What Hannah (and all the Spine 2022 competitors) achieved was extraordinary - 160+ miles of continuously racing along the toughest stretch of the Pennine Way - the organisers call this Britain's most Brutal race - for reasons you will uncover when you read Hannah's guest blog post below.


We are so proud of Hannah - she is an amazing, gutsy and resilient athlete but more than that she is inspiring in the way she takes on these epic challenges with heart and kindness. Will we be joining Hannah at the Spine 2023 - 100% x


Build-up


Everyone has a plan until they get punched in the mouth


The Spine Race, running the full 268 miles / 431km of the Pennine Way in winter, is one of Britain’s best-known ultras. Having run (and enjoyed!) my first 100-miler at the NDW100 in August 2021, I was looking for a winter ultra for my next challenge. “Not the Spine,” I told everyone; “I’m not a lunatic.” But I was intrigued to see that the Spine had some feisty little sisters – the Challenger, covering the southern 108 miles of the course, and a new race, the 160 mile Challenger North, which covered the rest. Of the two the Challenger seemed marginally less ludicrous – but it had already sold out. So the Challenger North it was to be. 160 miles/260km, 6000+ metres of elevation, a 108-hour cut-off, carrying a whole lot of equipment (including a sleeping bag, mat, bivvy, stove, gas, right down to a compulsory spork). In January. Hmm.





This silly decision got sillier in autumn 2021, when I moved out to Malawi in Southern Africa – not an ideal training ground for British bog. But luckily Malawi does have beautiful mountains and, more importantly, I met some great running companions. So with the help of Camino I decided to put in the miles, and worry about the bog later. This involved lots of running and hiking some fabulous hills with excellent company, often leaving at 5am to escape the 30C heat, and sometimes lugging a depressing rucksack containing 5 kilograms of rice.

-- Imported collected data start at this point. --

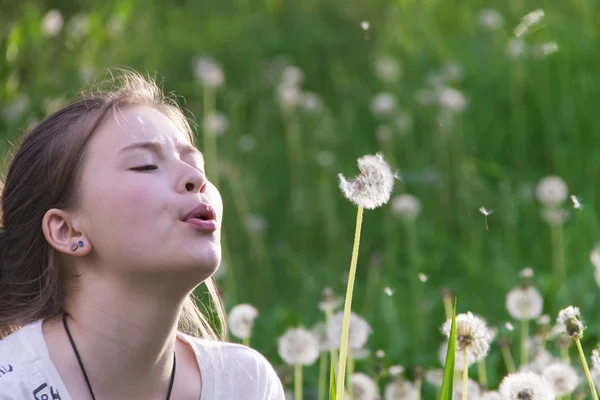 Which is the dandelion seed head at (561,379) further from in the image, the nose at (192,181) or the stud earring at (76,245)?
the stud earring at (76,245)

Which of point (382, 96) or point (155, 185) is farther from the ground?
point (382, 96)

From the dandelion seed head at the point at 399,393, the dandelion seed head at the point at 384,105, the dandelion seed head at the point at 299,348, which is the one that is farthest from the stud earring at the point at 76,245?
the dandelion seed head at the point at 384,105

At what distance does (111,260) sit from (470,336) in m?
0.57

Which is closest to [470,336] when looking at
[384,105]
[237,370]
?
[237,370]

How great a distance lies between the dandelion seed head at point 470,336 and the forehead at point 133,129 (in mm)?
523

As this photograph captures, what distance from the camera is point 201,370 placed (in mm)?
1830

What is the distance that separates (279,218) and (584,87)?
134 centimetres

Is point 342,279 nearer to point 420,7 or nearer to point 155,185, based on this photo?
point 420,7

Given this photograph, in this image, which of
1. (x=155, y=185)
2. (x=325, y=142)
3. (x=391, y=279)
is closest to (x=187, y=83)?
(x=325, y=142)

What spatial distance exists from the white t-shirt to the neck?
0.17ft

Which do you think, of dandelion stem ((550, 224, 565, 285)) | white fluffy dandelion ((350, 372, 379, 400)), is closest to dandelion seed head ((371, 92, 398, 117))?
dandelion stem ((550, 224, 565, 285))

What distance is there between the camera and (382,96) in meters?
4.52

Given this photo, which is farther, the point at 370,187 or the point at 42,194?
the point at 42,194

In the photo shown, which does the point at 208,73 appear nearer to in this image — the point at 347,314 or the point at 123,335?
the point at 123,335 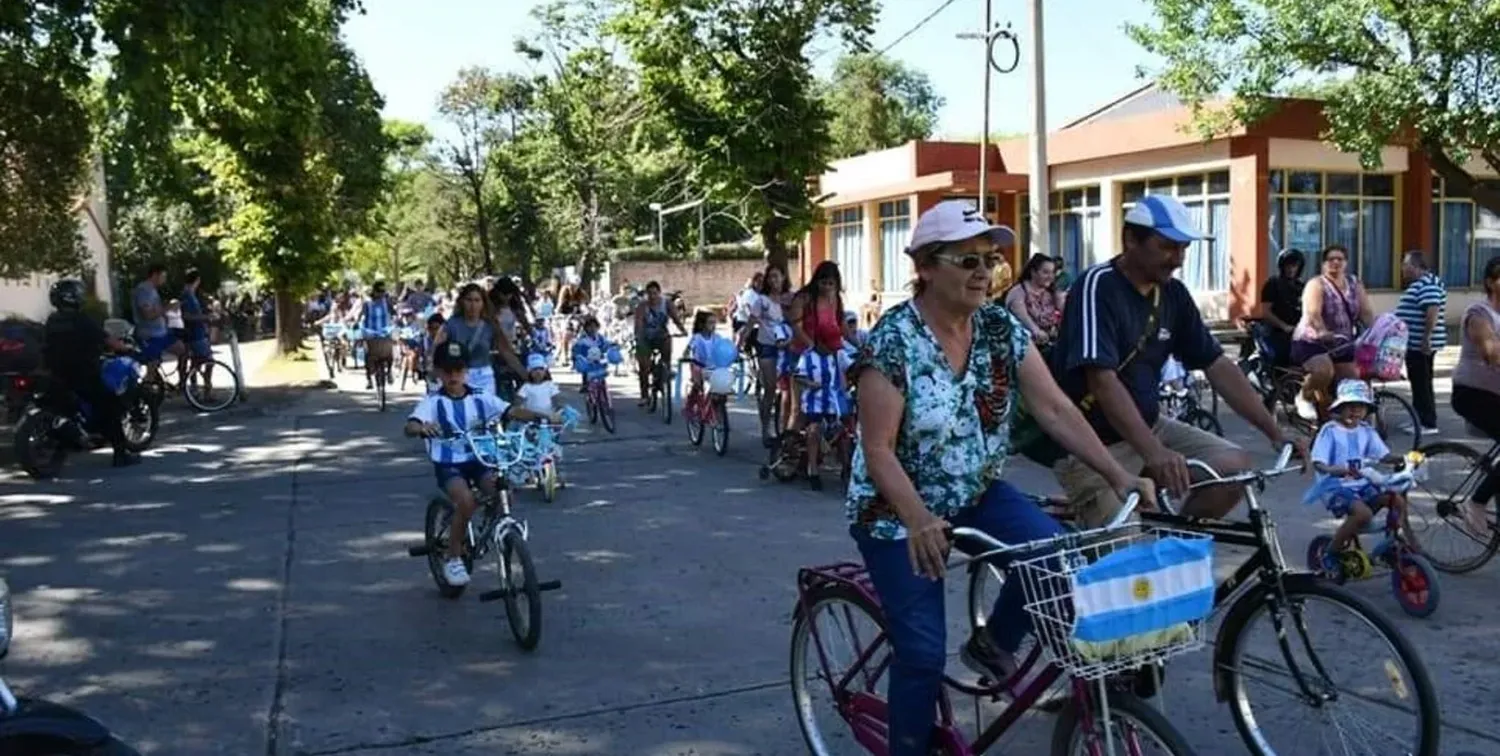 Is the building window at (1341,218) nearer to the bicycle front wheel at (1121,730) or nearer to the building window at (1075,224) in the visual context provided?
the building window at (1075,224)

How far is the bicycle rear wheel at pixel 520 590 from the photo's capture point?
615 centimetres

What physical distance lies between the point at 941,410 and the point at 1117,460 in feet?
4.80

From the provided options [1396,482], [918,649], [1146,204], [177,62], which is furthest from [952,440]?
[177,62]

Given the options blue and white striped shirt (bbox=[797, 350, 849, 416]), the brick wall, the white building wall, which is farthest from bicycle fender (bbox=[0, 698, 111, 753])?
the brick wall

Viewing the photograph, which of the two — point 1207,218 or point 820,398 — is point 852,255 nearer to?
point 1207,218

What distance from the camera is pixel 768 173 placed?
2773 cm

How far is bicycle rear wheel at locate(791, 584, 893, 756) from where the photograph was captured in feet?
13.6

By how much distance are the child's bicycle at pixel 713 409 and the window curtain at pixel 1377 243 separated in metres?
18.7

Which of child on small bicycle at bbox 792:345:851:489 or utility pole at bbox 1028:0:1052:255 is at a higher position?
utility pole at bbox 1028:0:1052:255

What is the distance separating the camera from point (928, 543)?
336 centimetres

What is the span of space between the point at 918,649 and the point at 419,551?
422 cm

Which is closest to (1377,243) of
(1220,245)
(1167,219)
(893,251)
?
(1220,245)

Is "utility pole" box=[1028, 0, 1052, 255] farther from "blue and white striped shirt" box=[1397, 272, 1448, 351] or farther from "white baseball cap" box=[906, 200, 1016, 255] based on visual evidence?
"white baseball cap" box=[906, 200, 1016, 255]

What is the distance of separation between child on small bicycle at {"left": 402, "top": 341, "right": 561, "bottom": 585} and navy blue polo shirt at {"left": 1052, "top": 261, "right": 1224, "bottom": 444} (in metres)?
3.14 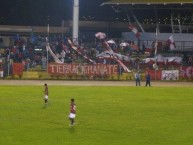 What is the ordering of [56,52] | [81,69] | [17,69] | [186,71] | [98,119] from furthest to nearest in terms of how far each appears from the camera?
[56,52] < [186,71] < [81,69] < [17,69] < [98,119]

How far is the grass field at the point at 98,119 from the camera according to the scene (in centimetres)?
2323

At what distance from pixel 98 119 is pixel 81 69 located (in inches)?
1342

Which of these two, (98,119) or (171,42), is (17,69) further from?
(98,119)

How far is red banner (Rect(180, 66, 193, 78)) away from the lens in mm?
63438

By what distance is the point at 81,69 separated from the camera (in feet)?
206

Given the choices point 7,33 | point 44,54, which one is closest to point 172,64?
point 44,54

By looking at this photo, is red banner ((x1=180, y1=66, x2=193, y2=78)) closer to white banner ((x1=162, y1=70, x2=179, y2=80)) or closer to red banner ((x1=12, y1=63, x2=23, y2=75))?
white banner ((x1=162, y1=70, x2=179, y2=80))

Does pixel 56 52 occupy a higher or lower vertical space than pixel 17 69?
higher

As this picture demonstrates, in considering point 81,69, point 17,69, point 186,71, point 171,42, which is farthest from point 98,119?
point 171,42

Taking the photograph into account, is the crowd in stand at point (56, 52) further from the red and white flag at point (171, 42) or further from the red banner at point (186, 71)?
the red and white flag at point (171, 42)

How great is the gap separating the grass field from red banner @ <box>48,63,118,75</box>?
17.7 m

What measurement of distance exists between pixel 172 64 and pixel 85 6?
27.3 metres

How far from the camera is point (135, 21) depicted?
82812mm

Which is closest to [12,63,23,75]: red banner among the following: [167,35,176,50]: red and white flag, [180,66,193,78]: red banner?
[180,66,193,78]: red banner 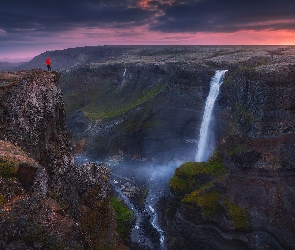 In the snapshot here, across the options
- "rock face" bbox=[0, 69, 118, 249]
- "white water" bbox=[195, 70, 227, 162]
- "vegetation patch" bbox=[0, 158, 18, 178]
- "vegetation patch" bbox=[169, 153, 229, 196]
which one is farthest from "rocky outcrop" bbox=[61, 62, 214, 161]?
"vegetation patch" bbox=[0, 158, 18, 178]

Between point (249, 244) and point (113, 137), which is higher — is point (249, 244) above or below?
below

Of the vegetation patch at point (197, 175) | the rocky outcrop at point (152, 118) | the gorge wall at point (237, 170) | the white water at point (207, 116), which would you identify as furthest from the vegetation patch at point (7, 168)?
the rocky outcrop at point (152, 118)

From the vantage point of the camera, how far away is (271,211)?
26.5 m

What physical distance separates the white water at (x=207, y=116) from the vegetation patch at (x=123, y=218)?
12629 mm

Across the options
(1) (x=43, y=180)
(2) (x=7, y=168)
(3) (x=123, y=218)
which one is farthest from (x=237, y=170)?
(2) (x=7, y=168)

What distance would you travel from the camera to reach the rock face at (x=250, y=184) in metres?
26.2

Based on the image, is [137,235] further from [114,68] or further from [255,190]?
[114,68]

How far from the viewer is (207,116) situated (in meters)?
40.6

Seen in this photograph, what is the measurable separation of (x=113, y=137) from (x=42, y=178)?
125ft

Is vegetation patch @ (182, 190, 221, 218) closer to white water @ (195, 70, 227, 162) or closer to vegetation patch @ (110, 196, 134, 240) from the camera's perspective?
vegetation patch @ (110, 196, 134, 240)

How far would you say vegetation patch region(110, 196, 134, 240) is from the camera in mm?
30159

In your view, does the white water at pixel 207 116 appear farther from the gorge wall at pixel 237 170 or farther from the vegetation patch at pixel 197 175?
the vegetation patch at pixel 197 175

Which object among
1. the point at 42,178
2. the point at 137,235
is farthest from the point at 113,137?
the point at 42,178

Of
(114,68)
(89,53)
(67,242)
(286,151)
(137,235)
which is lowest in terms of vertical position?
(137,235) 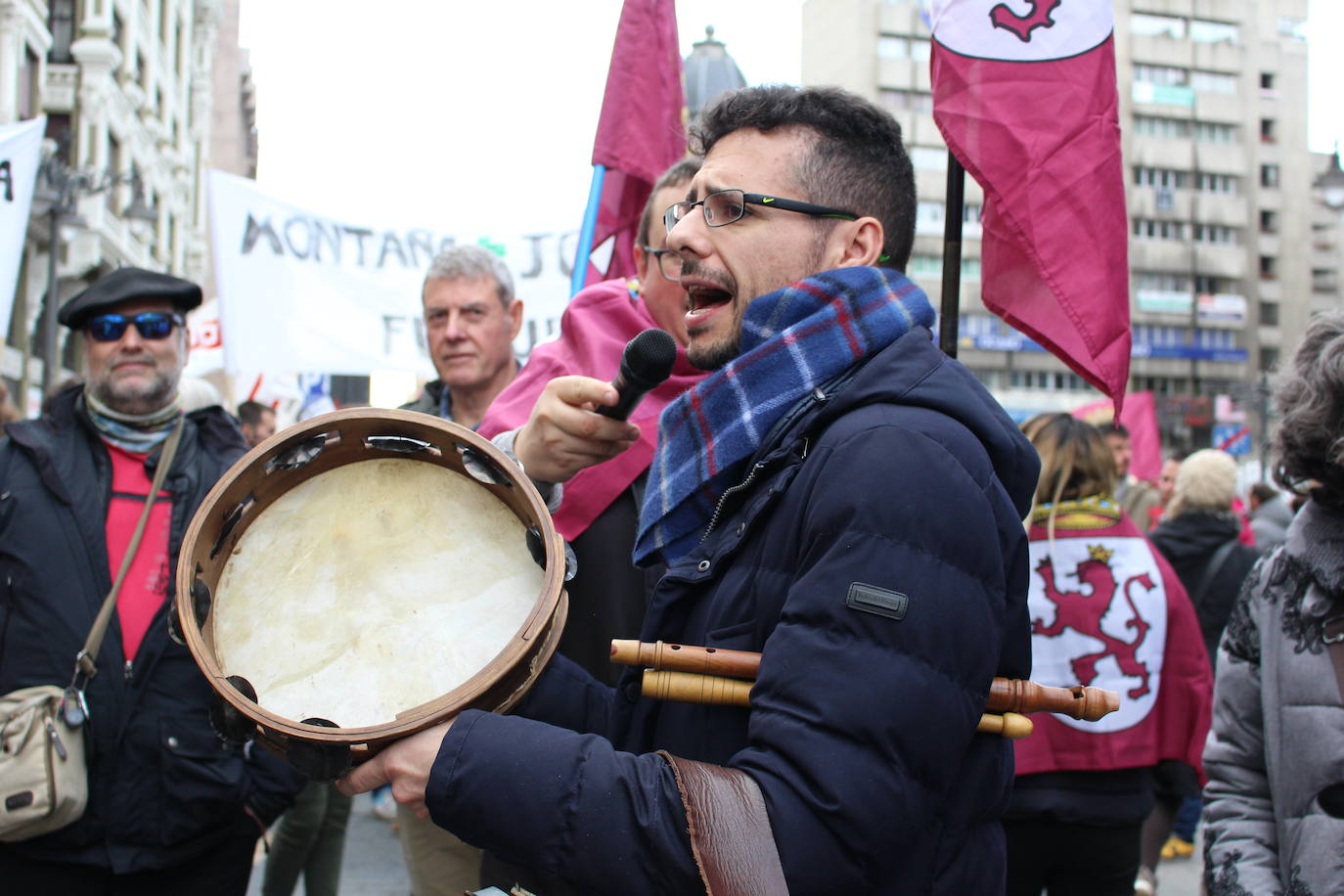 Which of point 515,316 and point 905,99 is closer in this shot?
point 515,316

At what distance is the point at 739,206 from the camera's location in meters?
1.85

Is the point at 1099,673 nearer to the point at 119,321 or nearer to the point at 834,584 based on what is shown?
the point at 834,584

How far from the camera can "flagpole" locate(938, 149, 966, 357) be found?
8.55ft

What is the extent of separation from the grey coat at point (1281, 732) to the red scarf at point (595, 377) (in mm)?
1268

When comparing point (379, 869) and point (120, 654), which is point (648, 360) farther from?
point (379, 869)

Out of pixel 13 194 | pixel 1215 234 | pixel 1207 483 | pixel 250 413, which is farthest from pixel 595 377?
pixel 1215 234

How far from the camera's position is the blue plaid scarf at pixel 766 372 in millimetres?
1682

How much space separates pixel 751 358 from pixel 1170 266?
200 ft

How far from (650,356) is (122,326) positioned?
7.23ft

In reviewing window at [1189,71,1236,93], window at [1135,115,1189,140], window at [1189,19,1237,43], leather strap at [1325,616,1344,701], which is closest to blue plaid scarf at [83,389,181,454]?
leather strap at [1325,616,1344,701]

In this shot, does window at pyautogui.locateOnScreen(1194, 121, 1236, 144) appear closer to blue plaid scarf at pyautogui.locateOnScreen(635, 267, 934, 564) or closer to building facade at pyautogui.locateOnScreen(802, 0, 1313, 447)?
building facade at pyautogui.locateOnScreen(802, 0, 1313, 447)

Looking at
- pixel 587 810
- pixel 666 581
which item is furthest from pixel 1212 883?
pixel 587 810

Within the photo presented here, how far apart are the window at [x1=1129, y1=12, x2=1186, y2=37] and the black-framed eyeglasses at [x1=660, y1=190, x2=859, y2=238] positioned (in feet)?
207

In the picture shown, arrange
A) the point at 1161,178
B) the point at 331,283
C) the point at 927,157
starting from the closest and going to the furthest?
the point at 331,283 → the point at 927,157 → the point at 1161,178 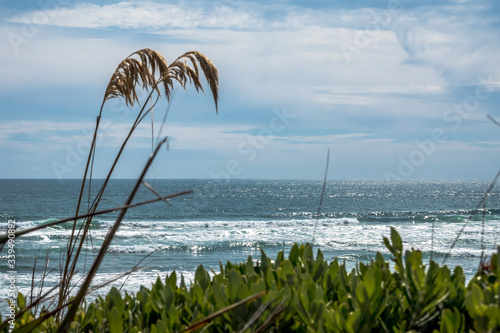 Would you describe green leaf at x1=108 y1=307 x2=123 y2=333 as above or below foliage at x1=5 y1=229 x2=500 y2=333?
below

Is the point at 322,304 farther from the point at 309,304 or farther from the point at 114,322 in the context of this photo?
the point at 114,322

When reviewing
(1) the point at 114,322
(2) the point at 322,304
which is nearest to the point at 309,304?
(2) the point at 322,304

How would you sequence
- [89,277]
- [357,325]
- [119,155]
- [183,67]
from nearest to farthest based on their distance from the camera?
[89,277]
[357,325]
[119,155]
[183,67]

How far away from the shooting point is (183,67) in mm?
2086

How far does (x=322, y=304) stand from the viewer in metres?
1.15

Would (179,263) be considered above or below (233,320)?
below

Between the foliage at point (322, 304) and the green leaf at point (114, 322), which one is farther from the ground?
the foliage at point (322, 304)

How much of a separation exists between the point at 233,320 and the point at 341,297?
380 millimetres

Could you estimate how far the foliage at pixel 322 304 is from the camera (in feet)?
3.61

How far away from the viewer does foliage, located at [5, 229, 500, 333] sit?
3.61 feet

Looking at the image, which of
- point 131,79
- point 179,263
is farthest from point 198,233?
point 131,79

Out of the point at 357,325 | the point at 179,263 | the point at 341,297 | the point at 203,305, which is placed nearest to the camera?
the point at 357,325

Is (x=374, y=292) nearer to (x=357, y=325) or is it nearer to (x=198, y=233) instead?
(x=357, y=325)

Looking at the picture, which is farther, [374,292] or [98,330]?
[98,330] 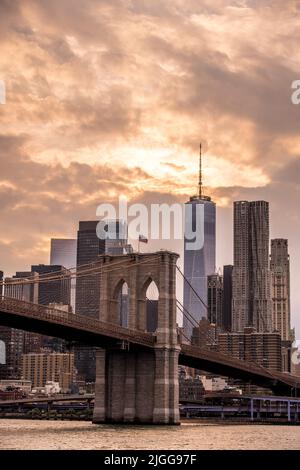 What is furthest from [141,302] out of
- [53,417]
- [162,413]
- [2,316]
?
[53,417]

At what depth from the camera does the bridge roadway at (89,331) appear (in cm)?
5678

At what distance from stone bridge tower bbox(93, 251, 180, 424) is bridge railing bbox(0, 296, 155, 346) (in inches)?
46.1

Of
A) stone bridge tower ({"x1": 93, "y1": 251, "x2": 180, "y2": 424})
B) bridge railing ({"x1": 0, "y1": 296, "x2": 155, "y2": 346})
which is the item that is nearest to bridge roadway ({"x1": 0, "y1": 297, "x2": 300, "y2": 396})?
bridge railing ({"x1": 0, "y1": 296, "x2": 155, "y2": 346})

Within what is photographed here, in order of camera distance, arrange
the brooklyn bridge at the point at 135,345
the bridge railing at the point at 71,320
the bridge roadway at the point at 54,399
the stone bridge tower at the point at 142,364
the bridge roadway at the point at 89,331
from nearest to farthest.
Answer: the bridge railing at the point at 71,320 < the bridge roadway at the point at 89,331 < the brooklyn bridge at the point at 135,345 < the stone bridge tower at the point at 142,364 < the bridge roadway at the point at 54,399

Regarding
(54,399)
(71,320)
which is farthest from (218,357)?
(54,399)

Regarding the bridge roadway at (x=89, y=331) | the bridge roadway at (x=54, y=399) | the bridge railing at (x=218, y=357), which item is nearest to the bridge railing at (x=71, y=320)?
the bridge roadway at (x=89, y=331)

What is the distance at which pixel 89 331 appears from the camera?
203 ft

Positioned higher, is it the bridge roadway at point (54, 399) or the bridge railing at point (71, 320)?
the bridge railing at point (71, 320)

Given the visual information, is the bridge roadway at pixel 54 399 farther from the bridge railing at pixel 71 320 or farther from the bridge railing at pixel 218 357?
the bridge railing at pixel 71 320

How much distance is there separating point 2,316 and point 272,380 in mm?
50546

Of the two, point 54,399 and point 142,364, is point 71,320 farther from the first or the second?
point 54,399

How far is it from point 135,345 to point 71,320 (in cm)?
878

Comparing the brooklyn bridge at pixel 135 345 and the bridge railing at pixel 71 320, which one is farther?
the brooklyn bridge at pixel 135 345

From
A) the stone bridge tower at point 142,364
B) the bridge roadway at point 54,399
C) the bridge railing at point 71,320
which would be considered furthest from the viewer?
the bridge roadway at point 54,399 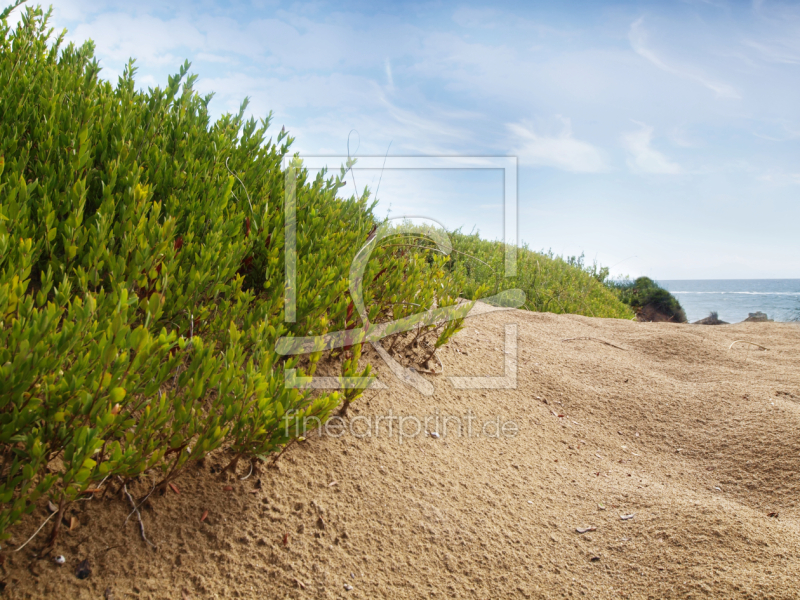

In true 2021 style, there were some last-minute curveballs that even my 12-tab spreadsheet hadn’t predicted. South African scientists discovered Omicron three weeks before I was due to travel home for Christmas, and Malawi (even though it was a COVID-free haven compared to Britain’s Plague Island) got plonked onto the UK’s red list. Travel plans were turned upside down, and lots of my British friends ended up cancelling some very long-awaited trips to see family. Luckily my housemate Rachael was pretty determined to make it back, and before I knew it we were on a last-minute flight (via Kenya and France) to Ireland, to spend ten days in rural Donegal before being allowed to enter the UK without having to hotel quarantine. This meant working from home in a B&B, but also a chance to get in some miles on the nearest thing to British bog (Irish bog), including a climb up Errigal and two big days out on the Sli na Rosann and Sli na Finne.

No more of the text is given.